The second vision he had received implied the latter.

Oliver entertained Luella for a few minutes more before she had to take her leave and return to her office job at BSPR. Despite being elderly, she herself was one of their top investigators—sans psychic ability, of course. With her husband—Oliver's adoptive father—at the head of the department, the two of them often got the harshest cases and generally made it through splendidly. There were only three cases the duo had not solved in all of their years of service to BSPR. Those three had been solved courtesy of Oliver, who had allowed his parents to take the credit for their resolution in the end, despite the initial objections the duo had raised. It had been the combined efforts of Gene and himself to get the duo to accept the credit.

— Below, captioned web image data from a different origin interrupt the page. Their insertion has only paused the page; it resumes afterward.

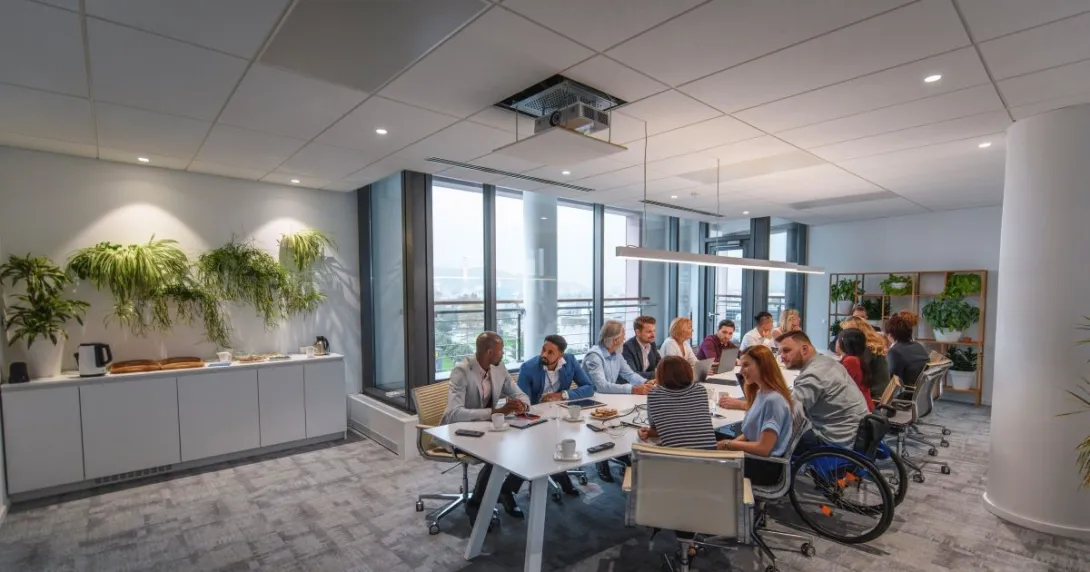 people sitting around glass table talking about business.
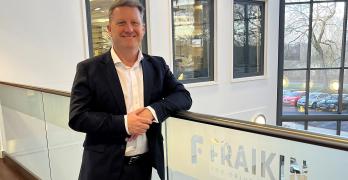  Generate by AI Assist  A person smiling in a business casual outfit, standing by a railing with a Fraikin sign, which reads "You Drive, We Care." The background shows a window overlooking a parking area.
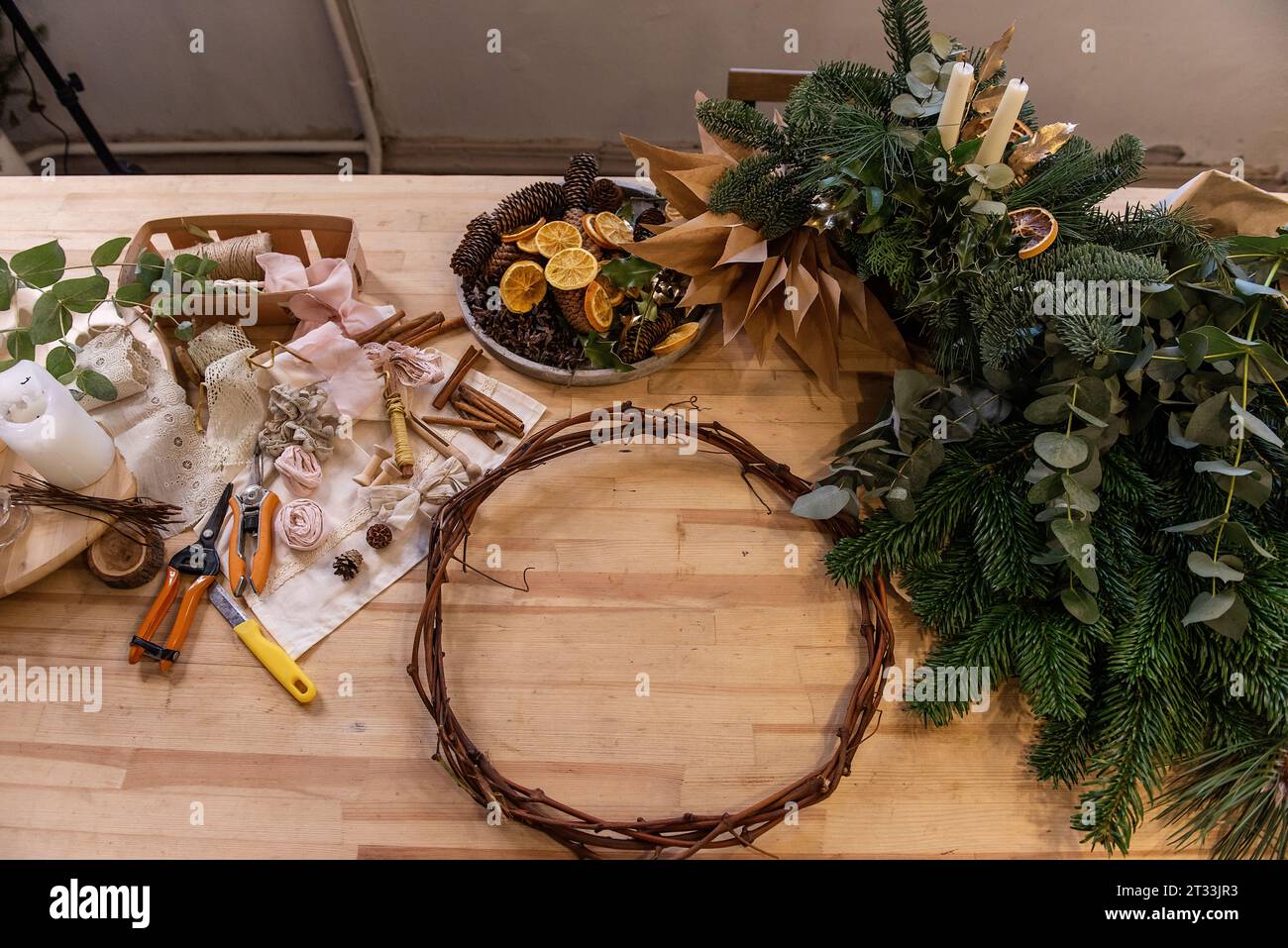 Meisterkurs, Anleitung, DIY, wie man Weihnachtskranz für den Advent macht. Auf Holztisch: Tannenzweige, Eukalyptus, Kranzbasis, Bänder, Schere, Dr Stockfoto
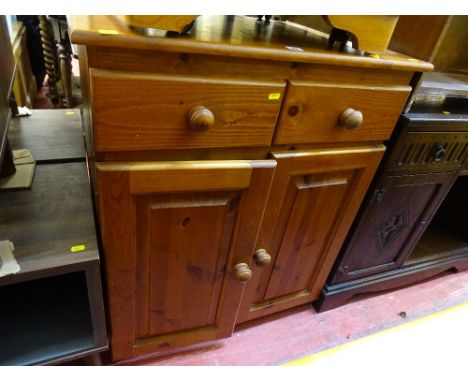 Dark wood small compact sideboard of two drawers over two base cupboards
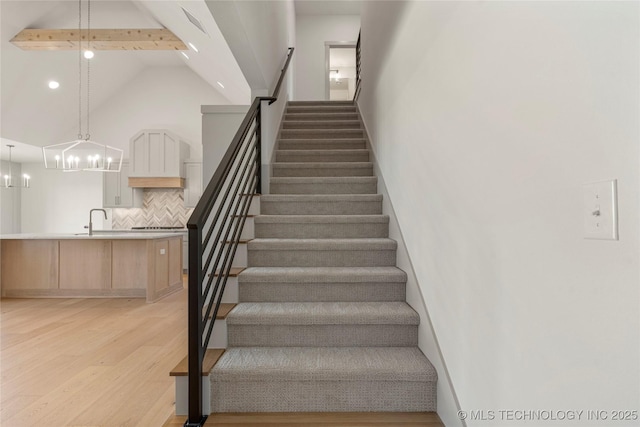 2719 E 135th Dr S, Bixby, OK 74008 - staircase with an inviting chandelier, wood finished floors, high vaulted ceiling, and recessed lighting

The raven-haired man let out a huff of frustration as he stood. Only a matter of three steps took him from his position on the couch to the cradle of the phone, where he promptly replaced the device. Without pouring too much thought into the conversation he had engaged in, he returned to his paperwork. In the back of his mind, he noted that he would probably not sleep in his own futon tonight.

It was more than likely he would fall asleep in his single-seat chair, pondering over the two visions that would help him in riddling out the identity of Eugene Davis's murderess.